With nearly a century of experience in establishing forums, unions, and chambers; the Afghan private sector has reached another milestone in its journey towards organizational maturity. As elaborated in Article 18 of the Law on “Regulating Chambers’ Affairs”, ACF is established as an umbrella organization for sectorial chambers and private sector entities. ACF is mandated to serve as an advocating body for the private sector and it represents the Afghan private sector’s interest at national and international levels and aims to be a bridge between the private sector, the Afghan government, and the international community.

 

Would appreciate it if you tell us about your investments in Afghanistan.

Our investment includes over $250 Million in physical assets, new partnerships with the largest international mining, hydrocarbon, oil field services, and banking institutions. We are also under contract for over $1 Billion in petroleum product supply and services throughout Afghanistan and Central Asia.

 

Would appreciate it if you may tell us about your investments in the energy sector of Afghanistan?

Ghazanfar Group plays an important role in the energy sector; the Afghan Power Plant Company is implementing Mazar Independent Power Plant (Mazar IPP) project. The Company is affiliated with Ghazanfar Group and the project is the first IPP in Afghanistan. It will produce 50 MW of electricity via a gas turbine model and sell the electricity to Da Afghanistan Breshna Sherkat (DABS). The nature of this project is committed to being more than 20 years between IFC-World Bank – DABS & Ghazanfar Group.

 

What are the main factors that you consider significant for investing in Afghanistan?

The main factor which is significant for investing in Afghanistan is access to financial resources and loans.

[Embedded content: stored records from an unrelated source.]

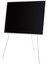 90 cm x 120 cm Teleskopik Ayaklı Kara Tahta (Tebeşir Tahtası) 3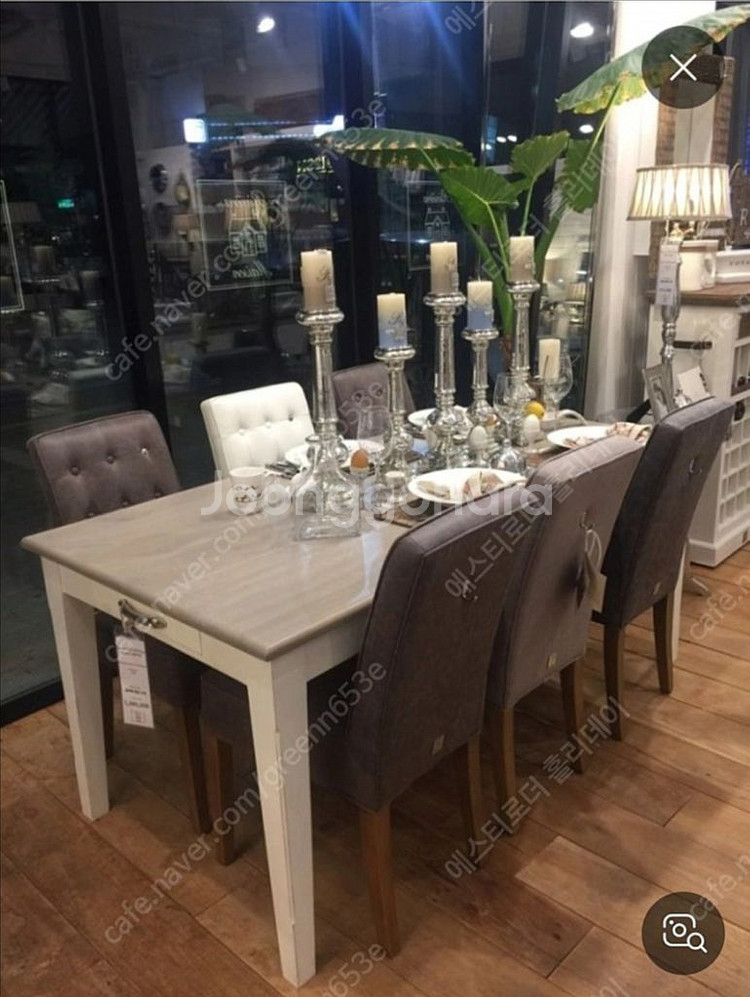 리비에라메종 식탁&의자--2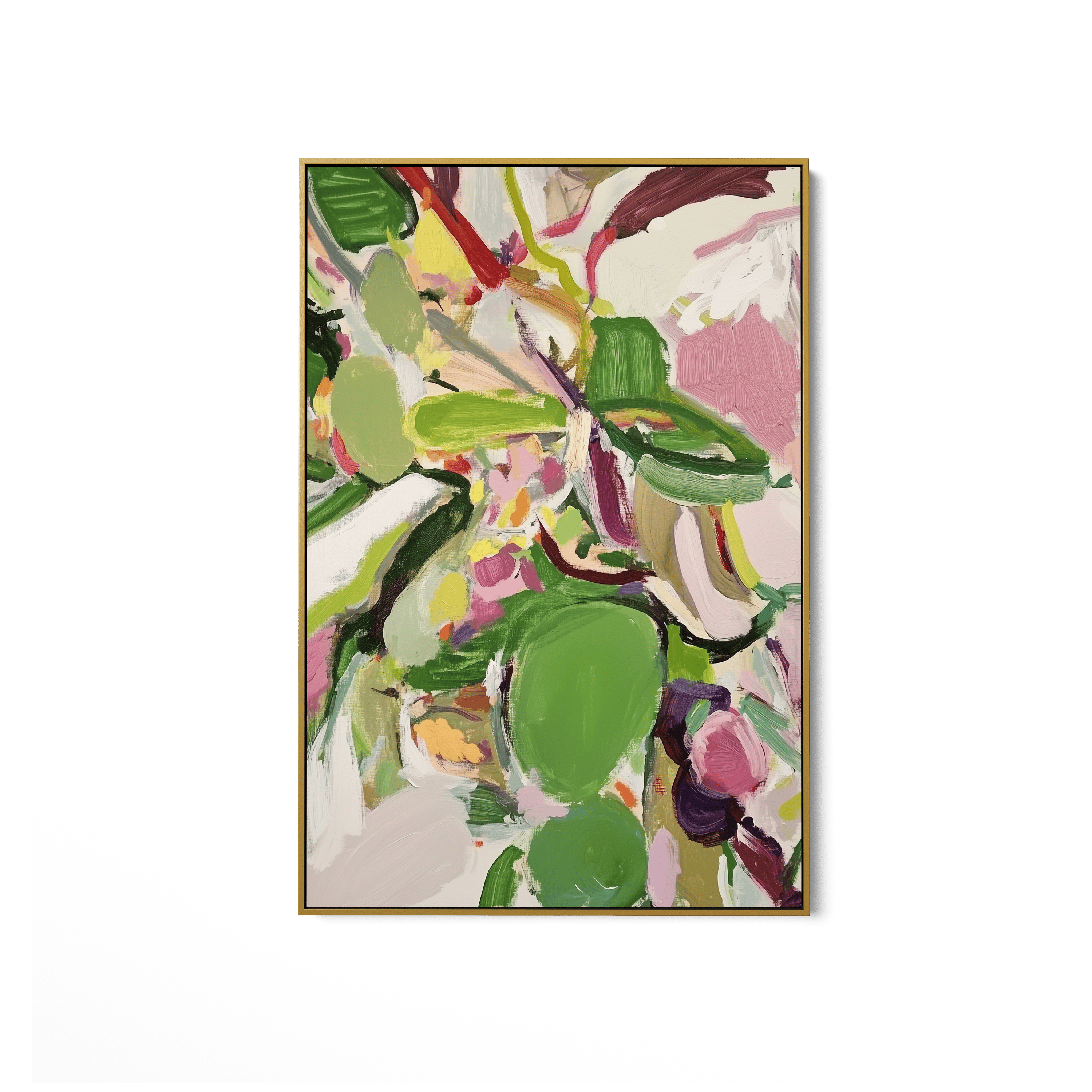 Jungle Forgets in Color #UA-1234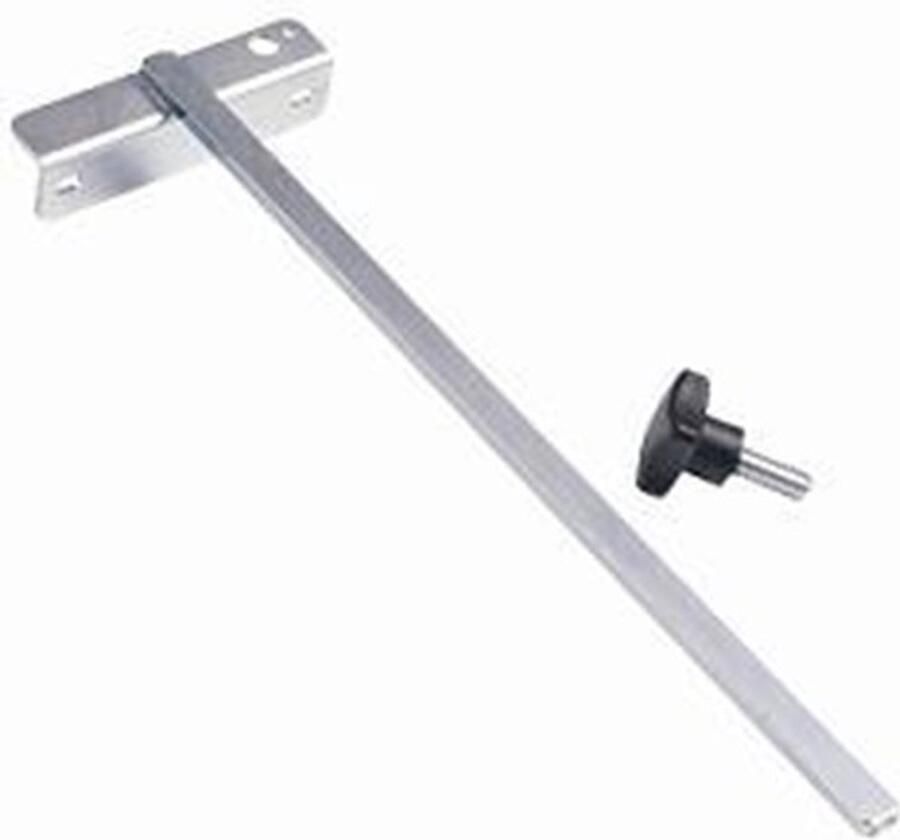 DeWalt Accessoires DeWALT Parallelaanslag voor decoupeerzaag DW321 232 DE3241-XJ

Most investors do not have access to financial resources and due to lack of access to these resources and loans, they cannot operate as they need and intend.

The most important problems in accessing financial resources in Afghanistan are:

  1. Tough lending regulations and distrust of banks and financial resources for lending to investors;
  2. Investors’ distrust on the banking system for opening accounts;
  3. Lack of access to easy long-term loans;
  4. High interest rates of banks for lending;
  5. No processing loans for start-ups; and
  6. Lack of insurance system in Afghanistan.

In addition to the above problems, the below challenges are noteworthy:

  1. Insecurity and instability of country’s situation;
  2. Corruption and bureaucracy;
  3. Lack of access to infrastructures including land, industrial parks, water resources, electricity, transport and rail transport and strategic stocks;
  4. Lack of trade and transit agreements with neighboring countries; and
  5. Lack of transit routes and no access to commercial waterways and limited air corridors is another effective factor to investment in Afghanistan.

 

What are the main challenges facing foreign and domestic investments in Afghanistan?

Afghanistan faces several challenges. In addition to security, political and natural disasters that have undermined Afghanistan’s progress towards socioeconomic development, the below challenges are the main bars for foreign and domestic investment in the country:

  1. Legal framework for investment;
  2. Developing tax regime and low tax compliance;
  3. Non-transparency in customs administration;
  4. Less developed transport infrastructure and high transportation costs; and
  5. State’s low capacity in the provision of utility services.